Anselm Kiefer: "Bei mir brennt der Fels"
Der Maler und Friedenspreisträger Anselm Kiefer über letzte Geheimnisse und die Kirche als dadaistisches Phänomen

Klaus Dermutz, Die Welt, 30 July 2008, Visit external site

Die Welt:

Herr Kiefer, Sie werden im Oktober als erster bildender Künstler mit dem Friedenspreis des deutschen Buchhandels ausgezeichnet. Fragen von Krieg und Frieden spielen in Ihrem Werk eine große Rolle. Sie haben 2003 für Klaus Michael Grübers Burgtheater-Inszenierung von "Ödipus in Kolonos" den Raum und die Kostüme entworfen. Ist der Friede ein Geschenk der Götter, wie es in Sophokles' Stück heißt?

Anselm Kiefer:

An die Götter glauben wir nicht mehr. Aber wir denken an das, was dem Glauben an die Götter verwandt ist, nämlich an die Mythologie. Einer, der Großes bewirkt hat, der ohne Krieg und Gewalt sehr mächtig wurde, nämlich Gandhi, hat um die Kraft der Mythologie gewusst. Er ist in einem langen Marsch, an den sich täglich mehr und mehr Menschen angeschlossen haben, zum Meer gezogen, um dort Salz zu gewinnen. Dies war nicht nur ein Protest gegen das Monopol der Engländer, sondern eine Fortsetzung der Mythologie Land-Meer, Behemoth-Leviathan.
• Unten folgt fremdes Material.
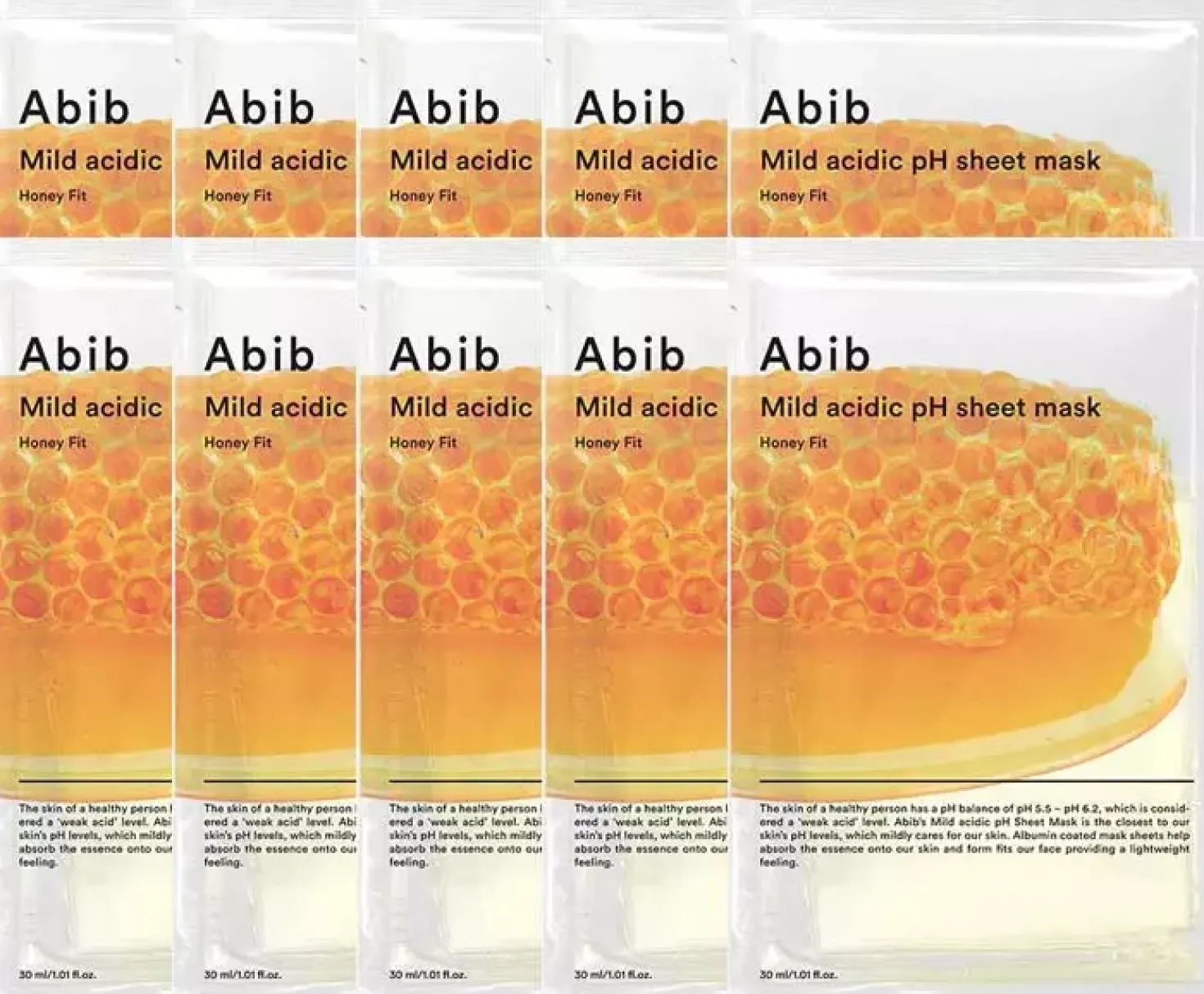Abib Mild Acidic Ph Sheet Mask Honey Fit 10-Pack 30 g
Sie zeigten 2005 in der Salzburger Galerie Thaddaeus Ropac die Ausstellung "Für Paul Celan", in der Skulpturen mit Bleibüchern zu sehen waren. Welche Bedeutung hat der Friede in Celans Denken?

Kiefer:

Celan war vor allem Opfer. Seine Eltern und Verwandten sind von den Nazis ermordet worden.
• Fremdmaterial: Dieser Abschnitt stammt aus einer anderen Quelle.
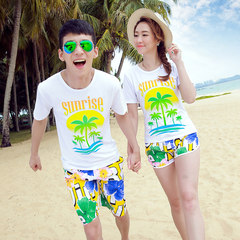 The beach summer beach resort honeymoon couples dress suit travel wedding qlz short sleeved T-shirt dry beach pants Remarks on the number of free collocation The beach English lily.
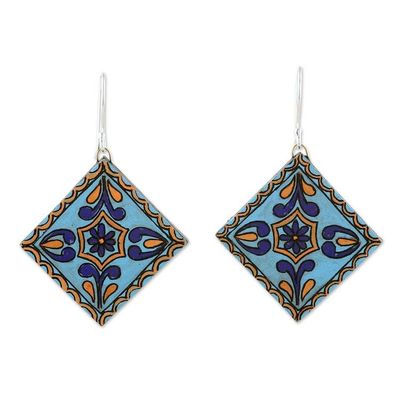 Alternate image for Hand-Painted Geometric Floral Blue Ceramic Dangle Earrings Serene Kaleidoscope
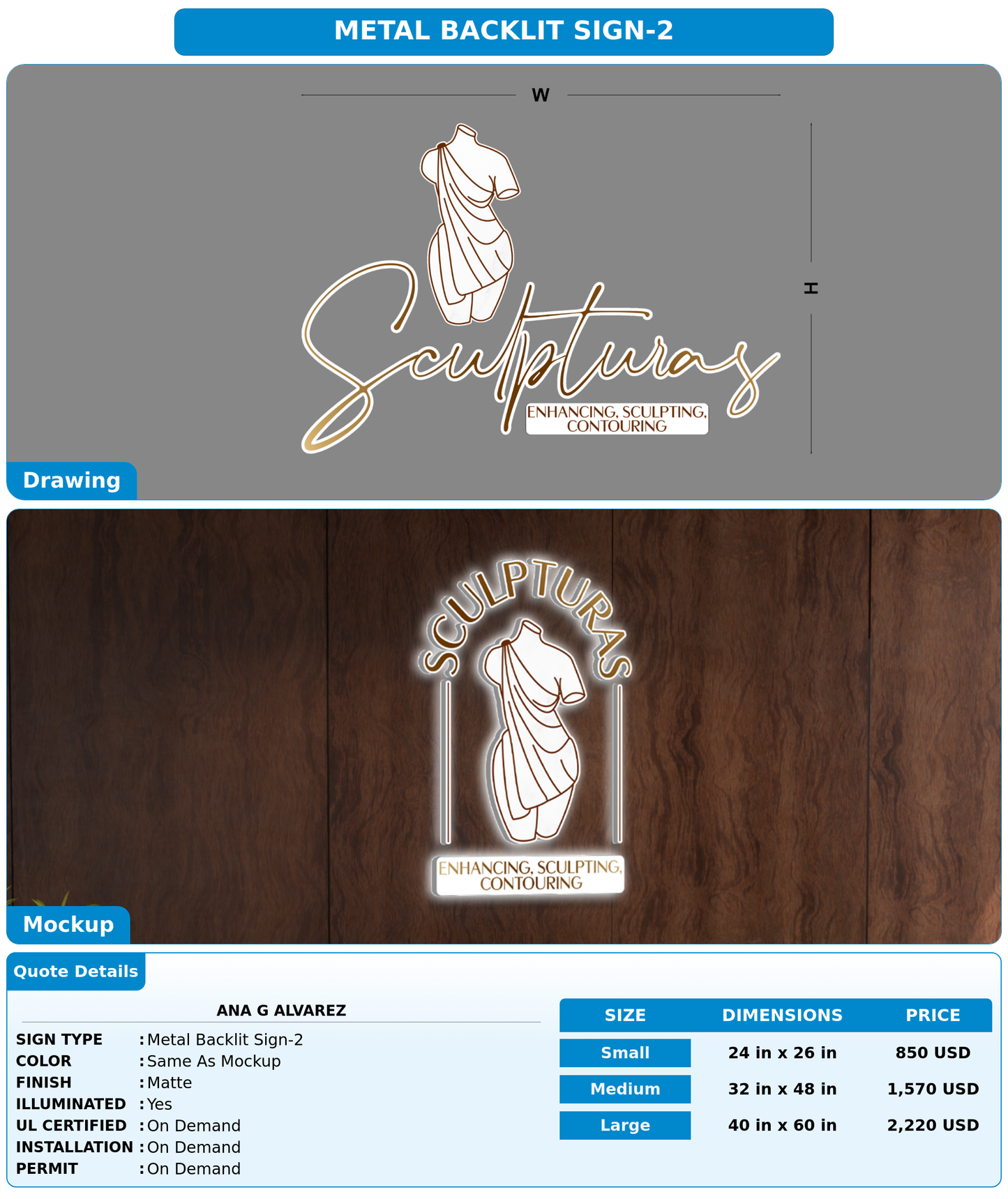 CUSTOM MOCKUP SIGN FOR Ana G Alvarez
Wie ist es in Ihrem Schaffen zu der Hinwendung zur Gottesmutter Maria gekommen? Sie zeigen in Salzburg nun die Ausstellung "Maria durch ein Dornwald ging". Sie haben sich sehr stark mit der Gnosis und der jüdischen Mystik beschäftigt.

Kiefer:

Die Maria hat mich durch die gesamte Jugend begleitet, sie war sehr wichtig in der Zeit, in der ich aufgewachsen bin. Die Maienandachten kommen mir in den Sinn. Die Altäre sind im Mai mit sehr vielen Blumen geschmückt. Es roch richtig betörend. Das Lied "Maria, breit den Mantel aus ..." spielt sehr auf die Sinne und das Körperliche an. Mit dieser sensuellen Prägung bin ich aufgewachsen, sie ist meine Kindheit, meine Vergangenheit. Wenn Sie die Gnosis und die jüdische Mystik ansprechen, so ist Maria das Gegenteil davon. Die jüdische Mystik ist ziemlich abstrakt.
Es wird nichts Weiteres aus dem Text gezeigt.